Work to be completed –
Could you return the data that follows exactly, minus the images?

Collected data –
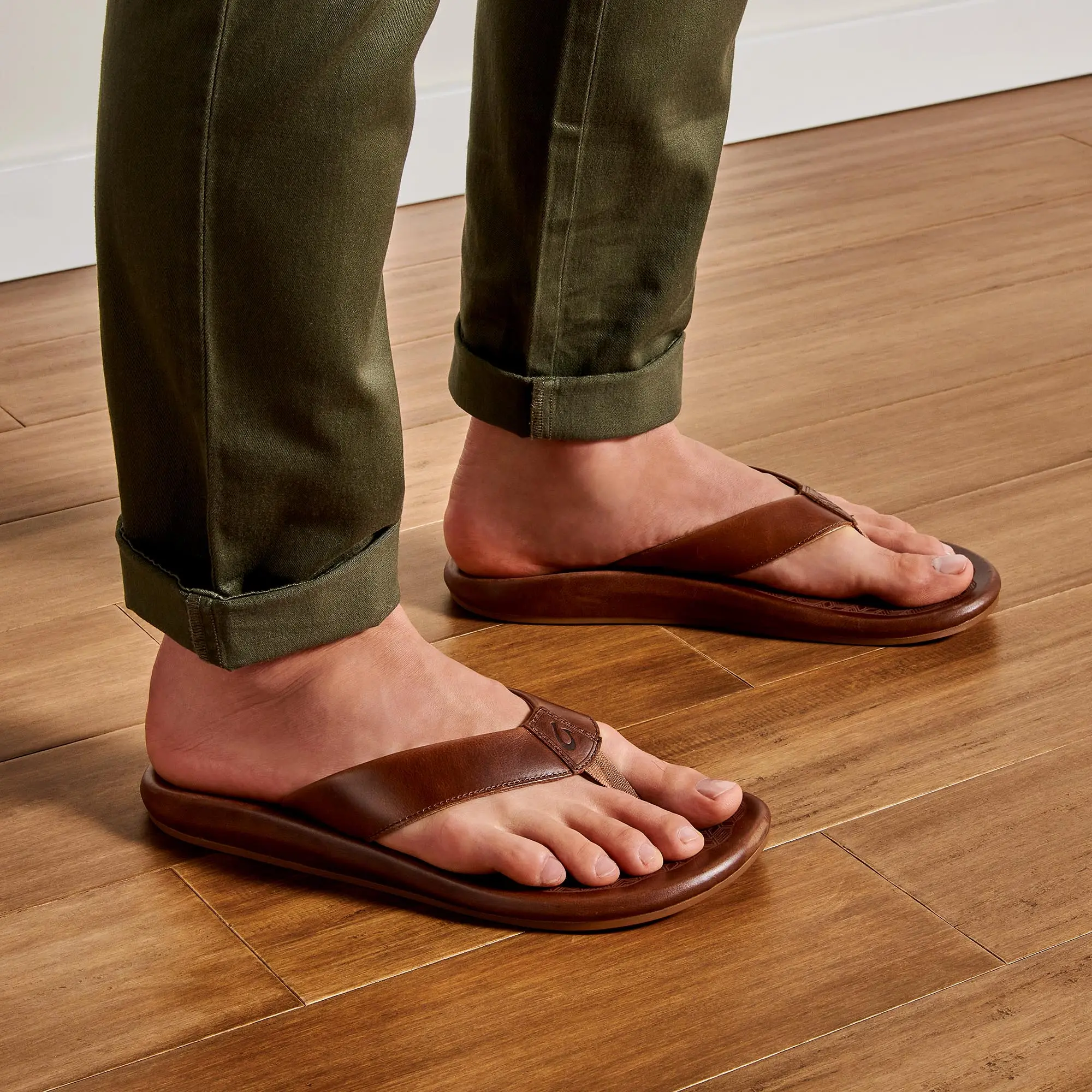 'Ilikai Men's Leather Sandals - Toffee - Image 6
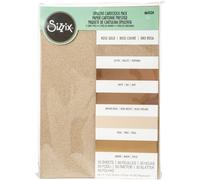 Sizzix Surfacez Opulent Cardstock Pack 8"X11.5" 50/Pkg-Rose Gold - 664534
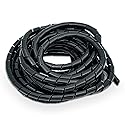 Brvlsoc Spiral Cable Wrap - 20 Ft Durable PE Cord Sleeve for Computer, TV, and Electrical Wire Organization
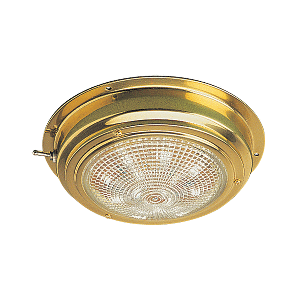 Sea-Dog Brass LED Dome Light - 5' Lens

Exercise result –
 'Ilikai Men's Leather Sandals - Toffee - Image 6
 Sizzix Surfacez Opulent Cardstock Pack 8"X11.5" 50/Pkg-Rose Gold - 664534
 Brvlsoc Spiral Cable Wrap - 20 Ft Durable PE Cord Sleeve for Computer, TV, and Electrical Wire Organization
 Sea-Dog Brass LED Dome Light - 5' Lens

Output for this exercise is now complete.